The link to this story
or go by the department thru the front doors and pick up a copy. It's Free there paper is a very good read
http://www.familybadge.org/%28S%28btd4bym40h3mj145hrc5q1e4%29%29/default.aspx/act/newsletter.aspx/category/News+1-2/MenuGroup/Home/NewsLetterID/14896/startrow/10.htm

Lynn


----------



## shanker

calling someone a **** boat thief on the internet is NOT slander

SLANDER - A false defamation (expressed in spoken words, signs, or gestures) which injures the character or reputation of the person defamed; distinguished from libel.


----------



## CaptBill

As far as My (lynn) comment that is my op Chase This. I am sorry you don't like it but, if someone were to take your boat or one u were running and puts it on a trailer without the owner or Captains permission and takes it out of the area it is slipped, trailers to a unknown location and cuts it with a darn saw and excuse me takes the boat and trailer and strips and saws it clean takes everything off it and won't tell you who told you to take that boat.
Isn't that theft ? I believe that sums it up in a nut shell and video don't lie. As far as Guilty I am allowed MY op I don't care how well u know the guy it stinks what he did we saw the kid and we saw him in it. I say Guilty.. 
I believe they have a good case on this and they will follow through. 
I have had to keep my mouth shut for a month and for me that has been hard. Hard to squeeze blood out of a turnip. This guy left Dan and Bill without jobs and us no money +kenny no boat . He affected alot of people when he took the boat from the basin.
Sorry I get really heated over this.
I posted this for a good read. Maybe it will make people think twice before they steal a boat from a public place This is Personal.

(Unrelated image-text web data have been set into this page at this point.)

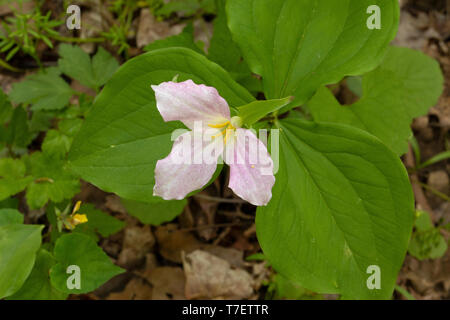 Large-flowered trillium Stockfoto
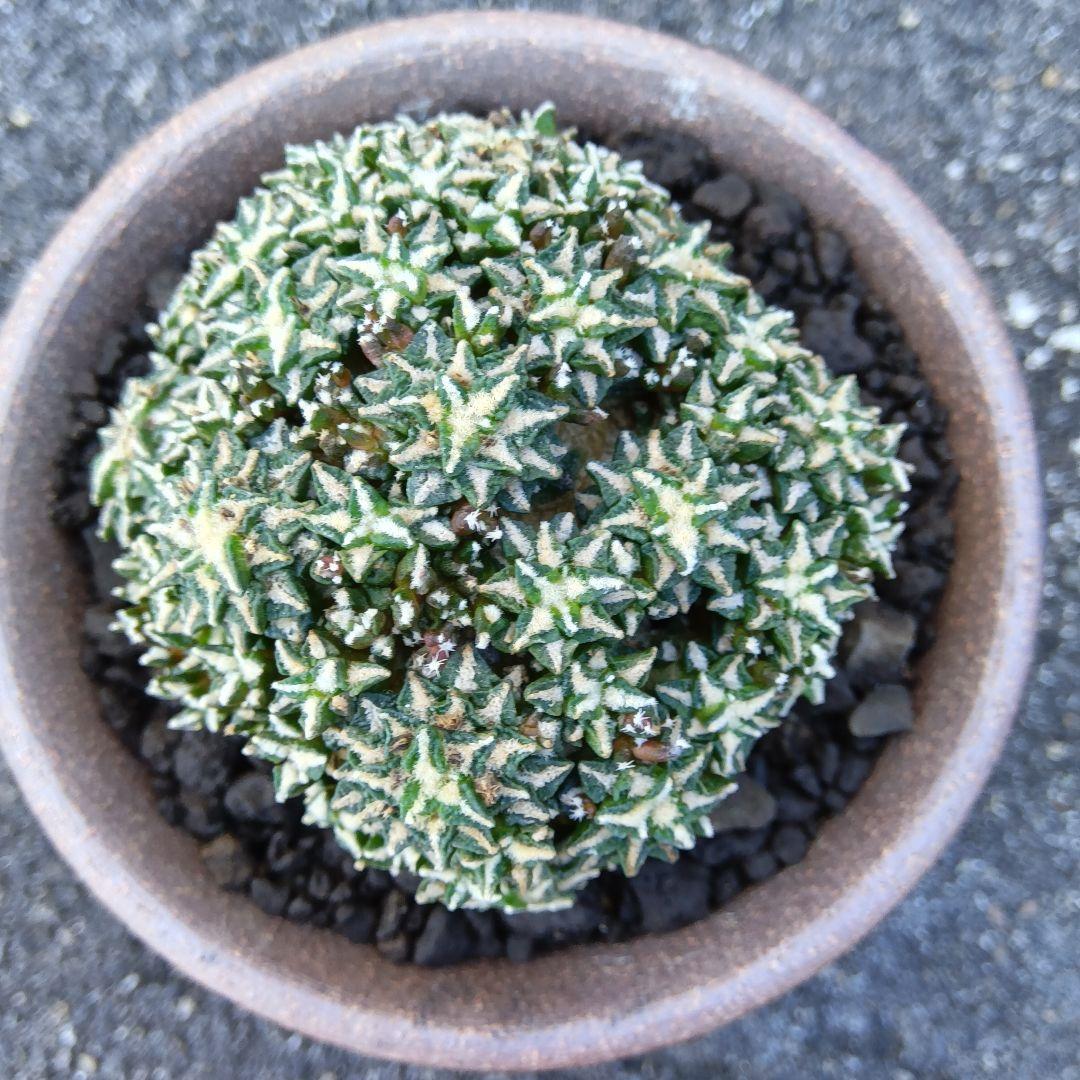 【群生美球】姫牡丹　アリオカルプス　国内繁殖苗　鉢ごと発送（黒牡丹モンスト帝冠）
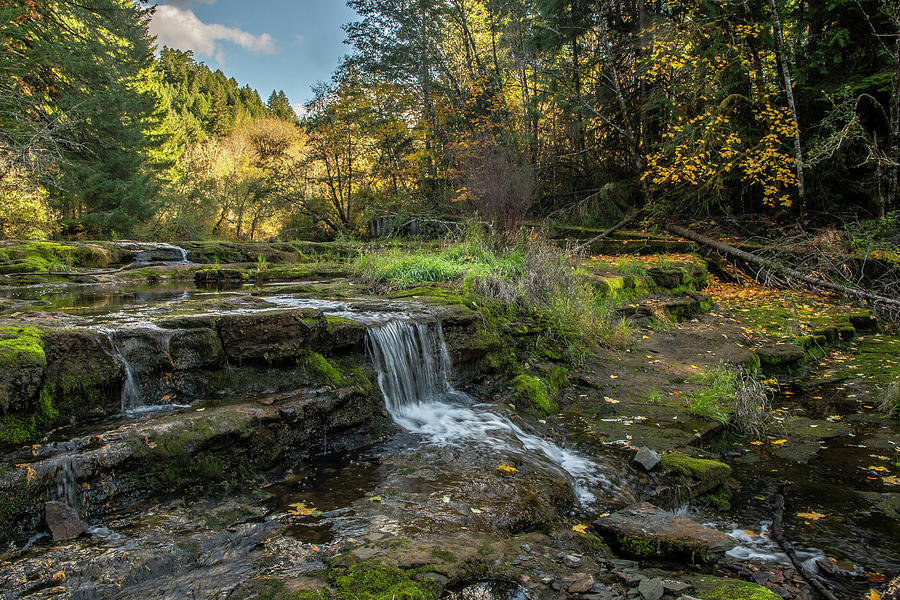 Siuslaw Falls by Matthew Irvin Siuslaw Falls by Matthew Irvin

Sorry Chase This but, I get really bent over this stuff. Don't mean to make you mad at me but, the whole really thing stinks.
Lynn


----------



## CaptBill

Oh thank you I appreciate that comment shanker. I just new I would get pounder that is why Bill and I don't post anymore. 
Thanks again
Lynn
These comments are mine and not Bill's hahahaha


----------



## Chase This!

I ain't mad at you, Lynne. I don't know the guy. Met him one time. No hard feelings here. I am glad you have a suspect, and if he did it, I will be happy to see him do the time.

Oh, and shanker, you are correct. My sincerest apologies. I meant Libel. "Libel and Slander are two ways in which one decides to defame another's character. The difference between the two, is that Libel is written, and Slander is spoken."

Brandon


----------



## Arlon

What did he do? Put his boat in the water, use his own trailer to get the stolen boat home to strip? Imagine they would find some of the Scarab parts on his Contender *if* he did it (assuming he didn't have time to get them off before turning himself in).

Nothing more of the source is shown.